Entre expertise et défis : les freins actuels des équipes mobiles gériatriques en Champagne-Ardenne

17/11/2025

EMG : une mission multi-terrain et un contexte évolutif

Initiées au tournant des années 2000, les équipes mobiles gériatriques sont composées de professionnels aux profils variés : médecins, infirmiers, assistants sociaux, psychologues, voire ergothérapeutes ou kinésithérapeutes selon les territoires (Source : HAS, fiche repère, 2021). Leur mandat ? Intervenir, en appui, auprès des professionnels de santé – souvent hospitaliers mais aussi du domicile, EMS, EHPAD – pour aider à la gestion de situations gériatriques complexes, soutenir l’évaluation, favoriser le maintien à domicile ou l’orientation adaptée.

Ce modèle, modulable et souple, trouve toute sa pertinence dans un contexte de vieillissement rapide de la population. Près de 20% des habitants de la région Grand Est ont actuellement plus de 65 ans, une proportion en hausse constante (Source : INSEE, 2023).

Cependant, la réalité du terrain met également en exergue un certain nombre de limites qui, si elles ne sont pas anticipées et adressées, risquent d’entraver l’efficacité de ces dispositifs pourtant si précieux.

Des équipes sous-dimensionnées face à l'accroissement des besoins

La première difficulté touche à la taille et aux moyens accordés aux EMG. Selon la cartographie des dispositifs d’appui réalisée par l’ARS Grand Est en 2022, la Champagne-Ardenne compte une équipe mobile gériatrique pour environ 150 000 à 250 000 habitants selon le département. Or, la littérature et les retours terrain concordent : la montée en puissance des besoins ne s’accompagne pas toujours des effectifs nécessaires.

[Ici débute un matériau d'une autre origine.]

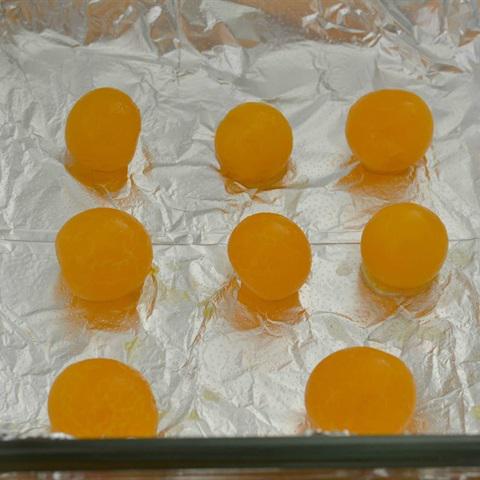 Cách làm bánh bông lan trứng muối chà bông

  • En moyenne, une EMG régionale comprend 1 à 2 médecins, 1 à 2 IDE, 0,5 à 1 assistant social et des temps très partiels pour les autres fonctions.
  • Plus d’un quart des équipes du Grand Est affichent des postes vacants ou à temps réduit.
  • Faute de temps, plus de 60% des demandes d’évaluation en ville ou en EHPAD sont relayées sur des délais de plusieurs jours, freinant l’anticipation (Source : Rapport ARS Grand Est, 2022).

Ce sous-dimensionnement se traduit concrètement par :

  • Des priorisations parfois frustrantes entre urgence et prévention.
  • Des risques d’épuisement professionnel pour l’équipe, parfois confrontée à la solitude décisionnelle.
  • Des possibilités limitées d’accompagnement pluridisciplinaire sur le temps long – là où les situations gériatriques réclament justement de l’endurance.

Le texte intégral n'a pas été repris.